Monday, 11 June 2012

The Phaistos Disk

The Phaistos Disk

Just what the @#$% is it?

The Phaistos Disk seems to have been delibarately forgotten.

  It was found in a storeroom in an area of the Phaistos palace apparently a chapel or a storage area for religious activities. The disk seems to have been just placed against a wall on the floor and survived simply cos it was left there and possillbly other softer objects piled up around it protecting it against the fianl destruction of the room it was in.

I've seen several theories about it and the symbols some of which are roughly similar to Cretan Hieroglyphics and Linear A and B  and I've shown a graphic showing one guess at the symbols.

It certainly doesnt show the level of refinement you normally see in Minoan art?

So what is it? Here's my guess : a discarded test prototype for a series of stamps meant to be used on cloth or clay maybe as trademarks or syllable signs standing for abbreviated words as a shorthand  or even stamps for textiles?

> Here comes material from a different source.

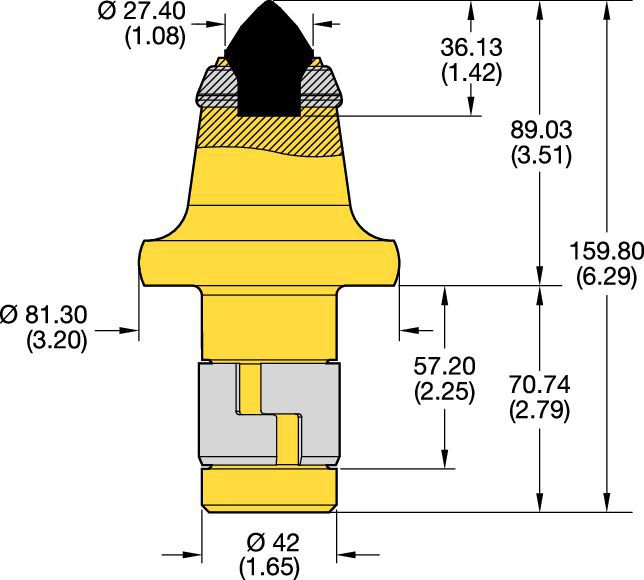 42mm Shank Conicals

Perhaps the sponsor of the experiment had it rejected in favor of a different graphic system that became linear B and donated the test piece to a shrine for storage and died causing a sigh of relief to embarassed relatives or the palace artisans refused to use the system set or the symbols were used but on metal objects that were melted down later?

We now know there was more than one script used in Crete but don't have transitional forms showing the whole sequence of developments from early symbols to Linear B.

This object may be an anomaly but an anomaly cos its out of context?

Imagien what an archaeologist might think if he find a typographers rough sketches for a font but no complete set of the font? Say the typographer cut out 3d models for some reason and then the studio was   destroyed and the one surviving object was removed to a store room?

That may be how the Phaistos Disk became an anomaly?